The silent film is interrupted by a foreboding siren and mass panic, as a little boy turns and is immediately swept up by his father. He says, “it’s time to go” and the two, along with the boy’s mother, emerge from the theater into the streets of Tulsa. Chaos has erupted, with bodies everywhere, planes attacking from the sky, and white men shooting black residents.
The Tulsa massacre, which also took place in 1921, is a piece of horrific history that many people have never heard of and was certainly never covered in my history classes. White residents, including the KKK, burned down Greenwood, a neighborhood known as “Black Wall Street.” It had been home to an affluent Black community. The white perpetrators burned down businesses and homes and killed hundreds, and many of the victims were allegedly buried in mass graves.
Perhaps most damning is how the city government was complicit in and responsible for the violence. According to a curator at the National Museum of African American History and Culture, “It was the frustration of poor whites not knowing what to do with a successful black community, and in coalition with the city government were given permission to do what they did.”
More on the Tulsa Massacre (and not really enough):
- An interactive timeline at The Tulsa Historical Society and Museum
- Dr. Olivia J. Hooker, one of the last surviving witnesses, speaks about her experiences (NPR) and more video with Dr. Hooker.
- The Burning by Tim Madigan – this was one of the books that Nicole Kassell, who directed the first episode, and Damon Lindelof, who created the show, drew from and referenced.
- The Smithsonian published an eyewitness account that described planes circling over town.
- The New York Times has a very long and fantastic list of resources.

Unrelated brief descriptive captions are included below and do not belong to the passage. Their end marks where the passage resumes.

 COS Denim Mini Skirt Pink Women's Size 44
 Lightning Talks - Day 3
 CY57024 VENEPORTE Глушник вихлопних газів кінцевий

Rogers and Hammerstein’s iconic musical is “about whiteness” writes Soraya Nadia McDonald. “Oklahoma! delivers a rose-tinted view of history that centers on happy white people whose greatest concern is a town dance that will raise money to build a new school. It’s a classic example of willful erasure and ahistorical mythmaking.”
That’s why a production with a Black cast member in a lead role, like the one McDonald writes about, is so notable (well, aside from the fact that it’s also being hailed as Sexy Oklahoma!). It’s also why a production depicted in Watchmen, with a completely Black cast, is important. It’s not just a musical “about whiteness” eschewing that whiteness for Black faces, it’s the use of Oklahoma! that hammers home that this show is quintessentially American, full of hope for the West but also racism and erasing POC from the narrative.

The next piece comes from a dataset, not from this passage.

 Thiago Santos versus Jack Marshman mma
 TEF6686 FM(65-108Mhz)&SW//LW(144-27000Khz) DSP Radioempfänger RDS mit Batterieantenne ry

- Have you ever heard about the great land rush that created Oklahoma City? It’s bizarre. This 99% Invisible episode takes you into the history of how white settlers “claimed” almost 2 million square miles by running into it and literally just building wherever they put their tools.
Angela says she was born in Vietnam a few years before it became a state. In this alternate 2019, it’s inferred that because America won the Vietnam War, it then annexed Vietnam and made it a state. In our timeline, millions of people died in a conflict whose origins are largely still puzzling and complicated to most Americans.
More on the Vietnam War:
- Ken Burns did an 18-hour documentary on it and here’s the first episode on YouTube
“Redfordations” / Reparations
Angela, whose cover story is that she owns a bakery, is speaking at her son’s school to teach the kids about banh bia, or mooncakes (they’re delicious, by the way). Afterward, a smarmy kid asks, “did Redfordations pay for it?”
“Redfordations” is a play on “Robert Redford,” who is president, and “reparations” which is a word with a lot of meaning. In fact, it’s not clear that Americans even agree on what reparations are, only that they imply that the United States government acknowledges the accurate and full history of the United States, which includes its systematic oppression of Black people.
In the context of this boy’s question, there is clearly a monetary element to it – that is, money was eventually given to those who had been wronged (i.e., people who descended from enslaved families or who faced discrimination as a result of Jim Crow and other racist laws and policies). It’s also clear from his tone and from Topher’s reaction, to punch his classmate, that he doesn’t hold reparations in high regard.
More on Reparations:
- Ta-Nehisi Coates’s incredible article, The Case for Reparations, is basically the first thing you need to read.
- The second thing is probably Coates discussing that landmark article 5 years after it was published.
- To understand more about the legacy of slavery and Jim Crow, read articles from The New York Times’s 1619 Project and The Warmth of Other Suns by Isabel Wilkerson, about the mass migration of Black Americans to all corners of the country (it also happens to be one of my favorite books).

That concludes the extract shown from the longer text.